Our results extend in vitro studies in which the ability of P. gingivalis to induce an inflammatory response in macrophages and endothelial cells has been documented [12,34]. In addition to the ability of P. gingivalis ligands to signal for pro-inflammatory responses in endothelial cells, this pathogen invades, survives and replicates within these cells [35]. Although we could not detect P. gingivalis in blood or aortic tissue of infected mice (data not shown), these results were not unexpected.

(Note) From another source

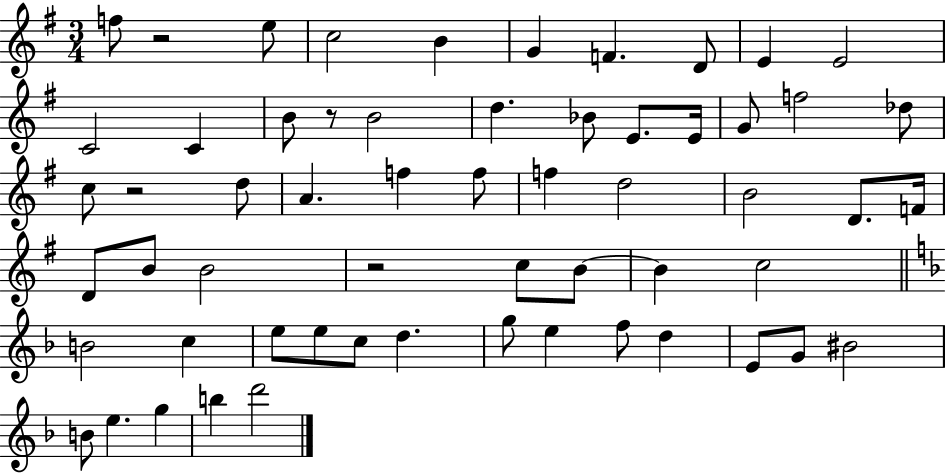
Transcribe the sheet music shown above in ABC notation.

We previously reported that P. gingivalis could be detected by 16S PCR in both blood and aortic tissue during the oral infection period, but not at later time points after bacterial challenge [22]. Our previous studies support the notion that activation of the endothelium via innate immune signaling pathways may be critical for inflammation at distant sites and may not be associated with bacterial colonization per se. Our in vitro studies have established that priming of endothelial cells by invasive P. gingivalis infection leads to induction of TLR-dependent inflammatory responses [36]. We have also recently demonstrated, using in vivo MRI analysis together with ex vivo immunohistochemistry, that P. gingivalis infection results in the progression of atherosclerotic plaque accumulation that is associated with the accumulation of lipids, macrophages and T cells [unpubl. data]. Thus, chronic and exogenous stimulation of the endothelium with P. gingivalis may sensitize the endothelium to other endogenous TLR ligands and may impact inflammatory outcomes in atherosclerosis.

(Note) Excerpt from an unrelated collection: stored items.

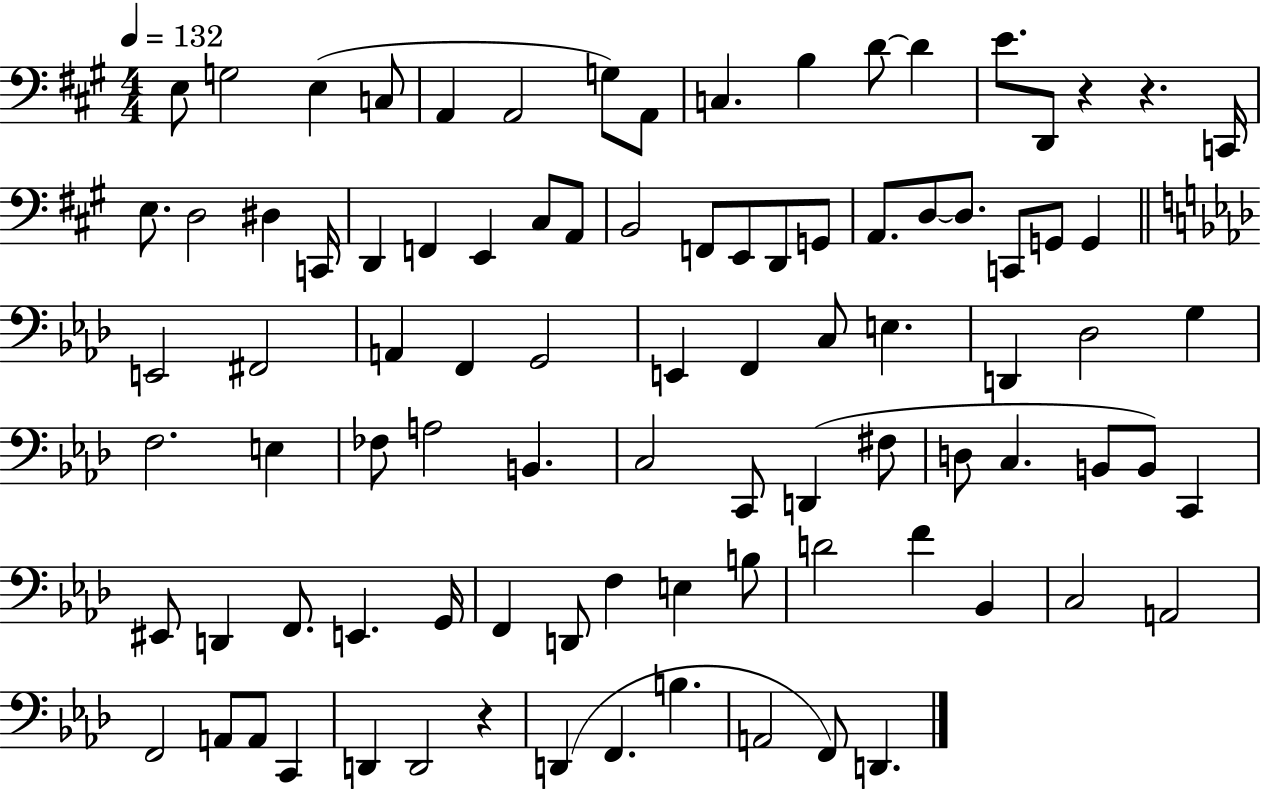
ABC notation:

X:1
T:Untitled
M:4/4
L:1/4
K:A
E,/2 G,2 E, C,/2 A,, A,,2 G,/2 A,,/2 C, B, D/2 D E/2 D,,/2 z z C,,/4 E,/2 D,2 ^D, C,,/4 D,, F,, E,, ^C,/2 A,,/2 B,,2 F,,/2 E,,/2 D,,/2 G,,/2 A,,/2 D,/2 D,/2 C,,/2 G,,/2 G,, E,,2 ^F,,2 A,, F,, G,,2 E,, F,, C,/2 E, D,, _D,2 G, F,2 E, _F,/2 A,2 B,, C,2 C,,/2 D,, ^F,/2 D,/2 C, B,,/2 B,,/2 C,, ^E,,/2 D,, F,,/2 E,, G,,/4 F,, D,,/2 F, E, B,/2 D2 F _B,, C,2 A,,2 F,,2 A,,/2 A,,/2 C,, D,, D,,2 z D,, F,, B, A,,2 F,,/2 D,,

In this study we also established that P. gingivalis oral infection in the diet-induced model of atherosclerosis in C57BL/6 mice resulted in a statistically significant increase in atherosclerotic plaque as compared to uninfected mice. P. gingivalis-challenged TLR2^−/− mice developed less atherosclerotic plaque as compared to P. gingivalis-infected C57BL/6 mice, although this did not reach statistical significance. High-fat dietary supplementation could potentially mask the TLR2 dependency of bacterial challenge by the contribution of endogenous ligands present in hyperlipidemic conditions [8] which could impact immunological responses underlying atherosclerosis such as abnormally shifting T helper cell populations in these animals [37]. Thus, it is highly probable that the effects of the TLR2 mutation in C57BL/6 background were confounded by the high-fat diet used.

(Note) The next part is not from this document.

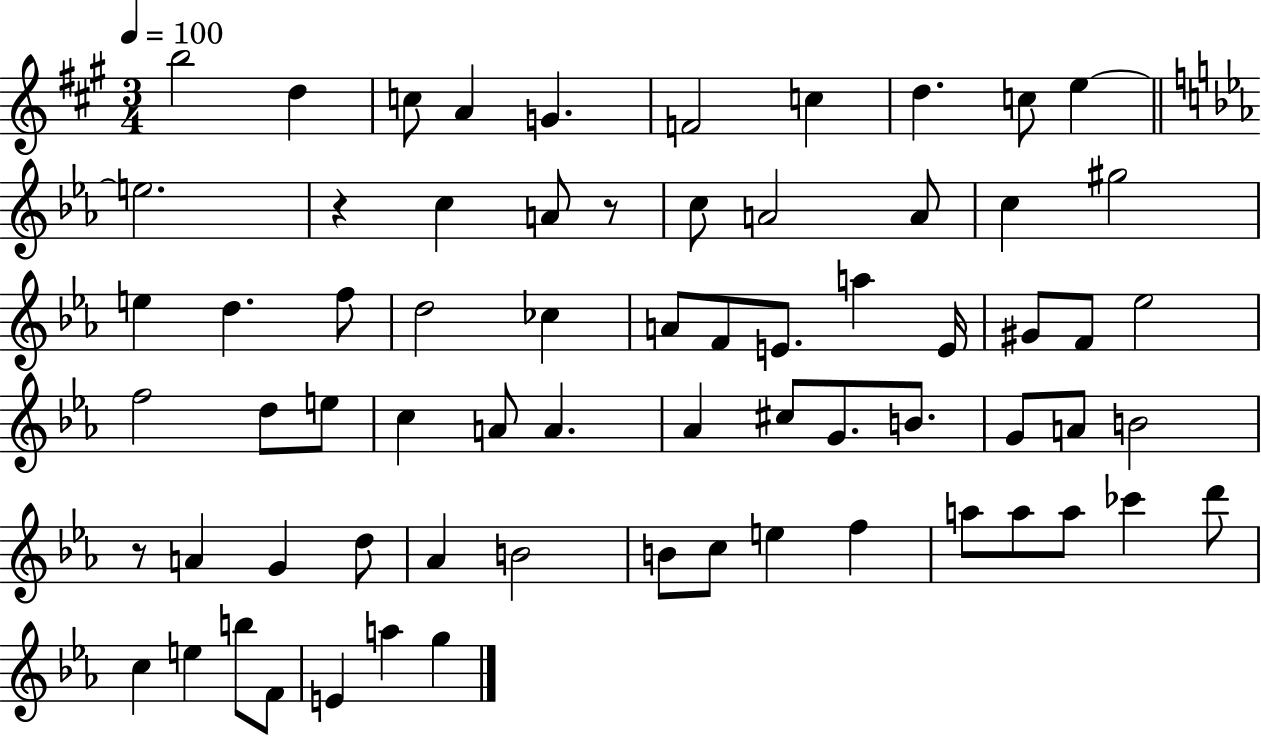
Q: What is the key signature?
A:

During the completion of our study, a study assessing the role of exogenous stimulation of TLR2 in atherosclerosis was reported [38], although this study utilized an artificial route of P. gingivalis administration which must be considered in the context of our results. It is well established that local or intravenous administration of a TLR agonist will induce an inflammatory-mediated sequelae. Since P. gingivalis colonization and infection occurs in the oral cavity of humans, we used a natural route of biological exposure to P. gingivalis. Our approach was to characterize local inflammatory oral bone loss in response to P. gingivalis challenge and inflammatory mediator expression directly in atherosclerotic lesions and in serum samples.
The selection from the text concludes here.